I used this little breakout board from SparkFun. Room-filling sound when
powering a 4 Ohm 5" car speaker, and the SMD doesn't even get warm.

[https://www.sparkfun.com/products/11044](https://www.sparkfun.com/products/11044)

------
malexw
It has hardly become a form factor. This is one company that has designed one
board (which they aren't even selling!) that has the same layout as the Pi.
Calling it a new form factor seems like its jumping the gun a bit.

------
aray
Awesome! This chip is the i.MX 6 Quad that's going into bunnie's open source
"Novena" laptop[1]

I've been using the freescale development platform for the chip[2] (SABRE
Lite) to try to follow along with Novena's progress, but my biggest complaint
is that it's too large and oddly shaped to carry around every day.

With this formfactor, I can just put it in a raspberry pi case, and throw it
in a bag without worrying about it getting smashed.

[1]
[http://www.kosagi.com/w/index.php?title=Novena_Main_Page%E2%...](http://www.kosagi.com/w/index.php?title=Novena_Main_Page%E2%80%8E)
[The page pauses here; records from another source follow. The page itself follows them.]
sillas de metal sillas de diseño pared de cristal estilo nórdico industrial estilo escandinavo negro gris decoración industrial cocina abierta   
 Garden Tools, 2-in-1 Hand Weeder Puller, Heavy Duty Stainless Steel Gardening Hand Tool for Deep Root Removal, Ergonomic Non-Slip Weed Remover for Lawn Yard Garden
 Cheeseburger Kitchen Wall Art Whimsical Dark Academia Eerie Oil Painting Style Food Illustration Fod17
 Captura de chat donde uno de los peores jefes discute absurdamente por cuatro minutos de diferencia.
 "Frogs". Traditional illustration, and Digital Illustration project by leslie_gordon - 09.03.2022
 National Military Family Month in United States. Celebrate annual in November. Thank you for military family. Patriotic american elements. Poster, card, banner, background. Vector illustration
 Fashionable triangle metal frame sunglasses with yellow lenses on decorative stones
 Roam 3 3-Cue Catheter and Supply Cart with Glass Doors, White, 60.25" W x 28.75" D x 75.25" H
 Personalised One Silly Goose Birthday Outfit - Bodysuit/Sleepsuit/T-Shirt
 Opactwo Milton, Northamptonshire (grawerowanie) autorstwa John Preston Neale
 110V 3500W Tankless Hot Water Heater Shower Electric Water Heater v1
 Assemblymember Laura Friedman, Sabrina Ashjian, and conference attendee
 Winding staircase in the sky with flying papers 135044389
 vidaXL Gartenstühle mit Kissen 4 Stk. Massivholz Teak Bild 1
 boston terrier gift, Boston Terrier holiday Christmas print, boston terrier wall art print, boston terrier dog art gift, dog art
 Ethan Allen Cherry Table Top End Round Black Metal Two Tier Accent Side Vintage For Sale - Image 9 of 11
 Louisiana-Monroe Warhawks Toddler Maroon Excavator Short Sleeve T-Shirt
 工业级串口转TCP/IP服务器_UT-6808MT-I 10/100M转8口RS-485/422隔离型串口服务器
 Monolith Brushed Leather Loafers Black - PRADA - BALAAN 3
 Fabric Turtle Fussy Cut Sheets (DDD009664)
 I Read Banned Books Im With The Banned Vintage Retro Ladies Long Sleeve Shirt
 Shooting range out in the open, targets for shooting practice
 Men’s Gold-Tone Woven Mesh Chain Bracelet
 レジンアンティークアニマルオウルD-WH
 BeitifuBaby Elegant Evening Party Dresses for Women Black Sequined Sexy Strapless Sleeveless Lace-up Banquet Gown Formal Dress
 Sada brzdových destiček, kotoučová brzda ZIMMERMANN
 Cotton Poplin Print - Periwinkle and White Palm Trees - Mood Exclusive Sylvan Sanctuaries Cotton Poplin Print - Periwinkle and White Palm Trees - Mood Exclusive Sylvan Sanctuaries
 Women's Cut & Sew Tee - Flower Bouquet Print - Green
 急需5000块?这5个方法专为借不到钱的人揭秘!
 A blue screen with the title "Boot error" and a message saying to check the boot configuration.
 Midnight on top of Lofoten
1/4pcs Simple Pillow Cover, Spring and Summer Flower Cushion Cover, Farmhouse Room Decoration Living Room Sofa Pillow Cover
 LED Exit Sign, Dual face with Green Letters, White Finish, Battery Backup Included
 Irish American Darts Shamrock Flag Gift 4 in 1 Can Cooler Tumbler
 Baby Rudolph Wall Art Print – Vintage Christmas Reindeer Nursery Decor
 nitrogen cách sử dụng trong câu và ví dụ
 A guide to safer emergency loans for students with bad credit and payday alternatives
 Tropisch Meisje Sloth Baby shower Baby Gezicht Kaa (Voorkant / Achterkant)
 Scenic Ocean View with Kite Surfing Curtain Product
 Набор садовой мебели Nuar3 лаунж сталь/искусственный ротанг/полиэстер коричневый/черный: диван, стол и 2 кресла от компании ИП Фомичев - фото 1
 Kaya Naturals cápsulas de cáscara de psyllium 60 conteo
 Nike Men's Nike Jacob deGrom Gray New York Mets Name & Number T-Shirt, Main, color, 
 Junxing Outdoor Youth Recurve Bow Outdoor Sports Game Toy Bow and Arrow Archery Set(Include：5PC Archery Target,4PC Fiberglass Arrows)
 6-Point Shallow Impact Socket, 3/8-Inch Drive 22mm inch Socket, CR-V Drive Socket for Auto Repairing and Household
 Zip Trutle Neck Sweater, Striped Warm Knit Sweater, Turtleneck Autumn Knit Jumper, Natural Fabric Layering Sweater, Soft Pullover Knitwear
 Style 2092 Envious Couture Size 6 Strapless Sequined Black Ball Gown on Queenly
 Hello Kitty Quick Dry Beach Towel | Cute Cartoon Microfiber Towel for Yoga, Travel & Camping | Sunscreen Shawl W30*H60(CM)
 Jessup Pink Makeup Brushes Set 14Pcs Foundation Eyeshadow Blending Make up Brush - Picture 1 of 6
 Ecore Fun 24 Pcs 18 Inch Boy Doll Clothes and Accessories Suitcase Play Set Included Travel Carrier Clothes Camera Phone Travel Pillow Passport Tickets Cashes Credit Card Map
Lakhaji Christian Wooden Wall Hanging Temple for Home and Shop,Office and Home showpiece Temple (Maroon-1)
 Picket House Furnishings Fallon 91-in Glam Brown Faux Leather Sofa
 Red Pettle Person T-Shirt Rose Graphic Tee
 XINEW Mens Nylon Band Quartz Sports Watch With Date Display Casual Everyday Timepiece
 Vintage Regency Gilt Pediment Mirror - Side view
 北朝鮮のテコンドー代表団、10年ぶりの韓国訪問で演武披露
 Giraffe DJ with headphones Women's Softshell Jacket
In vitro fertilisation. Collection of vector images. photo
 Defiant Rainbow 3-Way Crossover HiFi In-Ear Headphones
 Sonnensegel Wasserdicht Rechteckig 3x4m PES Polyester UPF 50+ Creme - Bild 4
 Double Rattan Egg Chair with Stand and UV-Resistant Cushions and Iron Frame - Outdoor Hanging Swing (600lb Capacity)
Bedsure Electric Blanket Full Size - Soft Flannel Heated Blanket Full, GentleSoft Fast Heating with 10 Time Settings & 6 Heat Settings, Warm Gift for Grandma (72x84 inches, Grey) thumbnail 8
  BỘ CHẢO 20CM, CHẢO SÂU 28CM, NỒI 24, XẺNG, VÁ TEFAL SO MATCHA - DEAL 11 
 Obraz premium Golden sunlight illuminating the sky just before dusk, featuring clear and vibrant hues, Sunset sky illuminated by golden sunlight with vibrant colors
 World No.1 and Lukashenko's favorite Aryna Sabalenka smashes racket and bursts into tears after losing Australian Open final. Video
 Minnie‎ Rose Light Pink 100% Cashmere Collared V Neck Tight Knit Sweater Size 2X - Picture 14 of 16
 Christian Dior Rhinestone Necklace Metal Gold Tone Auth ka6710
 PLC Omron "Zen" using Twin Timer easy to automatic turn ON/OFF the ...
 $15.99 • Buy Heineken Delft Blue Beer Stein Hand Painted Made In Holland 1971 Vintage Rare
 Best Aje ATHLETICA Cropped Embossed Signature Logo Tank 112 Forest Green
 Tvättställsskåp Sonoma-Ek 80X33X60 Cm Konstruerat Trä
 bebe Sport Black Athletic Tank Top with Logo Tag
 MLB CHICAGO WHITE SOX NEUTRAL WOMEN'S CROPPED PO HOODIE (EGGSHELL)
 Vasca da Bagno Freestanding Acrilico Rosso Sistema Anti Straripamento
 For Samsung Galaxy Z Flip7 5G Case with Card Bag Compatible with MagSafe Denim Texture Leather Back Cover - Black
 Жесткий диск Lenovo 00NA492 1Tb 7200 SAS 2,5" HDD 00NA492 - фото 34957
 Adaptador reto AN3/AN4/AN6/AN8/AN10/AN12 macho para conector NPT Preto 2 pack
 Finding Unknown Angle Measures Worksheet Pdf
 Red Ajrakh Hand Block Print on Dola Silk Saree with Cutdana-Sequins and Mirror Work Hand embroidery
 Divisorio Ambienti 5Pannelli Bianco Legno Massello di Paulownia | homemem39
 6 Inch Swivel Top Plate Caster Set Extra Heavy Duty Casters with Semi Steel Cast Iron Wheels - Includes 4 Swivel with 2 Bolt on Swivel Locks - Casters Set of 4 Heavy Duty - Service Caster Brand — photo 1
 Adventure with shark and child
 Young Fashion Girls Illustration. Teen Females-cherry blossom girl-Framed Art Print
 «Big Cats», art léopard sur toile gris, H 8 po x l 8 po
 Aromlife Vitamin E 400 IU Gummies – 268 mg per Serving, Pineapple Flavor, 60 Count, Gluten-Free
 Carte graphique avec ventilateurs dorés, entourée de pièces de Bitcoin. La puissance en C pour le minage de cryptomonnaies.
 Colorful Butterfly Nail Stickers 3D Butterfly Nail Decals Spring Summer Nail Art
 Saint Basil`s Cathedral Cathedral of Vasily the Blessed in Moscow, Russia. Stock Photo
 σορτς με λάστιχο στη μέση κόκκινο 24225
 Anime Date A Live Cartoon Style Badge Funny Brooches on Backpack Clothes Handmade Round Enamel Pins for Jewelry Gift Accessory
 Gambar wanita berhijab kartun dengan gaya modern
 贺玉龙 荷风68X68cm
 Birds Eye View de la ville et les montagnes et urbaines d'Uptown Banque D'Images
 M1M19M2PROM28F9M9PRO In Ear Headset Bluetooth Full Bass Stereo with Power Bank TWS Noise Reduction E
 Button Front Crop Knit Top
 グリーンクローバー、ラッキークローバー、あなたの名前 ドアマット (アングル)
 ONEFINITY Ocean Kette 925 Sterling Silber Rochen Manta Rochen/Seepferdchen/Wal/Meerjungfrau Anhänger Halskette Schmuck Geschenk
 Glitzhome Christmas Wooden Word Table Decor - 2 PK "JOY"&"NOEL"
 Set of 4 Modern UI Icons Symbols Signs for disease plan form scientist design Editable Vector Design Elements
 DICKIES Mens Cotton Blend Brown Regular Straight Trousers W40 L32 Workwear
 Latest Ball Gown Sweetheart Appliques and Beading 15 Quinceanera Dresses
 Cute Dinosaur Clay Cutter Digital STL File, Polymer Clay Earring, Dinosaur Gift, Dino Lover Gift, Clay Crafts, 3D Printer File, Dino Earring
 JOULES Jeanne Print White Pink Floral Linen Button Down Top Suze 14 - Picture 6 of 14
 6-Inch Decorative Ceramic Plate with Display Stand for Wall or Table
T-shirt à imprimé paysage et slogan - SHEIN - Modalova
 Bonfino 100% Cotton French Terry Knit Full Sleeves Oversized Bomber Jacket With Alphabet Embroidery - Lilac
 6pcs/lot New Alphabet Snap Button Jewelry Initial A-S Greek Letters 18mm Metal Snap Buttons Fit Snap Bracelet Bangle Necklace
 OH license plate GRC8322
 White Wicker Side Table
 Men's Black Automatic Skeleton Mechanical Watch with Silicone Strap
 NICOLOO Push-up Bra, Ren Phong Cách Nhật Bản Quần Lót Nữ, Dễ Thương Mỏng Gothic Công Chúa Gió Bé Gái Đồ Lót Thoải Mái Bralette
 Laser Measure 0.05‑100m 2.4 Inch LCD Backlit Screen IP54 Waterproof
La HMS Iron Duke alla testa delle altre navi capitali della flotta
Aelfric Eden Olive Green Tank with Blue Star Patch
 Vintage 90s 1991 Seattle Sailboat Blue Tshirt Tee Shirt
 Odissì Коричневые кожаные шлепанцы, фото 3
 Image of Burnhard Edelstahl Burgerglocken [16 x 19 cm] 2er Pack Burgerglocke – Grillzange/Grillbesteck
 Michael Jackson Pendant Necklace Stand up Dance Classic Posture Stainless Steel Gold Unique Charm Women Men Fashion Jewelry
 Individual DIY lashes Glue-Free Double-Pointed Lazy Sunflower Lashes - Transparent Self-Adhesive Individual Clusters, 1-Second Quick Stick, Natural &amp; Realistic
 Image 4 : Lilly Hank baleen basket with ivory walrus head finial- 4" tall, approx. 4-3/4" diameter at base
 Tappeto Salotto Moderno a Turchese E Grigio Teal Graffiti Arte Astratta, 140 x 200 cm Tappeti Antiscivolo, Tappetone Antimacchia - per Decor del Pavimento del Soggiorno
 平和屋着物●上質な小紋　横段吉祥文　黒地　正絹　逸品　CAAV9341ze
[2] [http://www.element14.com/community/community/knode/single-
bo...](http://www.element14.com/community/community/knode/single-
board_computers/sabrelite)

Edit: looks like it's not for sale, but hackaday mentions they might if
there's enough interest.

------
snarfy
Why would anyone clone the Raspberry Pi's form factor? Why would you ever want
connectors on all four sides?

Of all the things to clone on the Raspberry Pi, the form factor shouldn't be
one of them.

------
zx2c4
Anyone know any single board computers with multiple gigabit ethernet ports?
My UBNT EdgeRouter Lite with Gentoo on it just isn't powerful enough anymore.